A version of this article by Dr. Daniel Norton ’05, assistant professor of psychology, originally appeared in the spring 2023 issue of STILLPOINT magazine.
Psychological disorders are when our minds cause us anguish or limit our ability to do the things we find meaningful. Their striking prevalence currently calls us to action as people of faith. Jesus said that we will be judged on how well we provide water for the thirsty and clothe the naked. Is lacking mental health like being naked or thirsty? Yes, in the sense that it is a form of real suffering. Lacking mental health is also different than thirst and nakedness in that it’s often unclear what we should “give” to someone suffering from psychological disorder. In the absence of clear provisional mandates like water or clothes, people offer their neighbors struggling with psychological disorder whatever comes to mind. For Christians this could be prayer or ways to be righteous. Superbly intentioned, these suggestions are often received as painful judgments, ineffective to soothe the thirsty throat. Early in my training as a therapist, I found that even the best psychological treatments could be received as judgments if I failed to first establish trust and care with my patients. It seems that most of us need to hear a message of acceptance before we can receive help that has a message of change.
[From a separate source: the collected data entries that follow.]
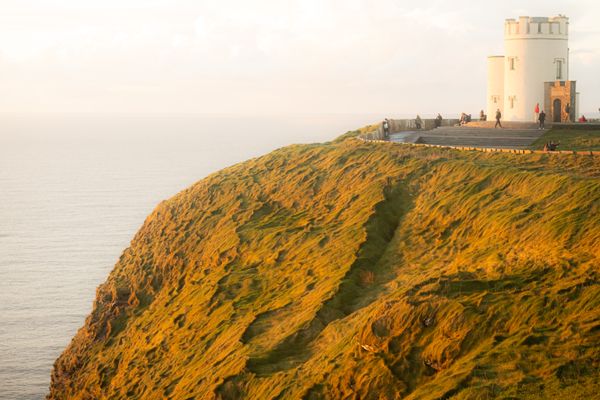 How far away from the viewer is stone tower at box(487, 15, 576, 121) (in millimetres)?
53625

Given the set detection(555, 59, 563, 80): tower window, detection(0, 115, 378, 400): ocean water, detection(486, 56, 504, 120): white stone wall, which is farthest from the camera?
detection(486, 56, 504, 120): white stone wall

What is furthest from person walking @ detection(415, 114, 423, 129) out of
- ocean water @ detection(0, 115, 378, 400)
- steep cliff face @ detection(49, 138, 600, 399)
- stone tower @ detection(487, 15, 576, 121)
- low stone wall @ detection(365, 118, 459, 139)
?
ocean water @ detection(0, 115, 378, 400)

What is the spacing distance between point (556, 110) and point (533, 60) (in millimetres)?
3333

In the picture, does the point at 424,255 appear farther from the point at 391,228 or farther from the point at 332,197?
the point at 332,197

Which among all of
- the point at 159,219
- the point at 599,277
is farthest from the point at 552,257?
the point at 159,219

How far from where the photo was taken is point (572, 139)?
1761 inches

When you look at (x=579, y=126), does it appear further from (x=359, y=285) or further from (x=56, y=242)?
(x=56, y=242)

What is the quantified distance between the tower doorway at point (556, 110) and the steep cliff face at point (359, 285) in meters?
15.5

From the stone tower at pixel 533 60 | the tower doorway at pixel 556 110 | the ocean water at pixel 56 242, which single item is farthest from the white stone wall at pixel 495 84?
the ocean water at pixel 56 242

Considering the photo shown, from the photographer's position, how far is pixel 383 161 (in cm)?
4025

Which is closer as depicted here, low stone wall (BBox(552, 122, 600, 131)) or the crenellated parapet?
low stone wall (BBox(552, 122, 600, 131))

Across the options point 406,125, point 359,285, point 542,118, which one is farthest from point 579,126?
point 359,285

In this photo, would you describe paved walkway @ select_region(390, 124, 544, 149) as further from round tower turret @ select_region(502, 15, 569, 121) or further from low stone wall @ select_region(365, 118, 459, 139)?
low stone wall @ select_region(365, 118, 459, 139)

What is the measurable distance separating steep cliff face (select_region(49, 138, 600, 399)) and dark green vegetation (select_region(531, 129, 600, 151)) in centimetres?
726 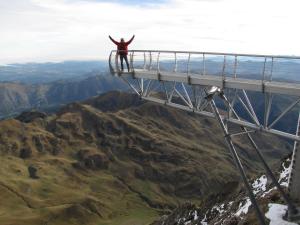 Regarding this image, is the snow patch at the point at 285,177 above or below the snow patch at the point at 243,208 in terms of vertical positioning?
above

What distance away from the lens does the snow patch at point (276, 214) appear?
29141 mm

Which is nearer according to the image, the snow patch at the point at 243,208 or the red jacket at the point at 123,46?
the red jacket at the point at 123,46

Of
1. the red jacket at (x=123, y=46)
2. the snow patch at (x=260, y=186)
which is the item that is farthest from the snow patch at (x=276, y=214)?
the red jacket at (x=123, y=46)

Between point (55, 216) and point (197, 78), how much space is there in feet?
524

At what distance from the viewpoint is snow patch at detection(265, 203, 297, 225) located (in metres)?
29.1

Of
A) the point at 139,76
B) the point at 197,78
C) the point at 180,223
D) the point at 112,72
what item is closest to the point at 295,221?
the point at 197,78

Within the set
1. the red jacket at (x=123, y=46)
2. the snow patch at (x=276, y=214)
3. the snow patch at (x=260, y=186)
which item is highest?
the red jacket at (x=123, y=46)

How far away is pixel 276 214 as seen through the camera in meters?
30.1

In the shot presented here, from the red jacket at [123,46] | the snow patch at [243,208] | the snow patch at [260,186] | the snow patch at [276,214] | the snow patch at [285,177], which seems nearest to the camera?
the snow patch at [276,214]

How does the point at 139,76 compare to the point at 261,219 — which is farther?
the point at 139,76

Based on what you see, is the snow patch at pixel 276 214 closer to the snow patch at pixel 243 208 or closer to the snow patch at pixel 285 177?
the snow patch at pixel 285 177

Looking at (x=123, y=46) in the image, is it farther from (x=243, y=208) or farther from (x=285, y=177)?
(x=285, y=177)

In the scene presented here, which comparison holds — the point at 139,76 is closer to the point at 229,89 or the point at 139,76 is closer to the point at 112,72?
the point at 112,72

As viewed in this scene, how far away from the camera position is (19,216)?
182m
Relationships where we do feel loved and validated become a place where we may ask for practical suggestions.
One of the most common challenges to mental health today is problematic anxiety. The brain systems that generate anxiety are ancient, and they evolved to cope with things like sabre-toothed tigers and the possibility of not making it through the winter. In our society, real fears abound. I have a long list of fears that my anxiety mind pores over, and you may as well. Compared with our ancestors, though, life today is relatively safe (at least in terms of things that would kill us, like accidents, murders by hostile neighboring tribes, animal maulings, etc.). Nonetheless, the vestiges of our “survival mode” anxiety still cause us to identify and then avoid feared stimuli like the plague. The fact that we continue to live following the application of that strategy causes our anxiety minds to think they are doing a great job—barely keeping us alive amidst a sea of perils! They say something like, “Wow, anxiety kept me safe! I’d better keep that anxiety flowing so I can remain safe next time.” And to be sure, they do help us, as anyone who has finished college, walked safely along a steep embankment or played a more socially conservative role to fit into a new social group can attest (anxiety helps us do all of these things). Often, though, anxiety is too strong or too constant, limiting our ability to enjoy the safety and bounty of the world we inhabit. For some of us, this reaches the level of a disorder requiring treatment. For all of us, our mental health is seemingly diminished compared to what it could be. We’re missing out on the abundant life that Jesus offered.
Part of Jesus’ answer for how to experience real life and the Kingdom of God applies to this modern problem of anxiety. His counterintuitive message was that we should die unto ourselves—lay down our lives, utterly exposing ourselves to the danger we fear most, for the sake of a friend or even a stranger. How would your life be different if you were able to “let go” in this way?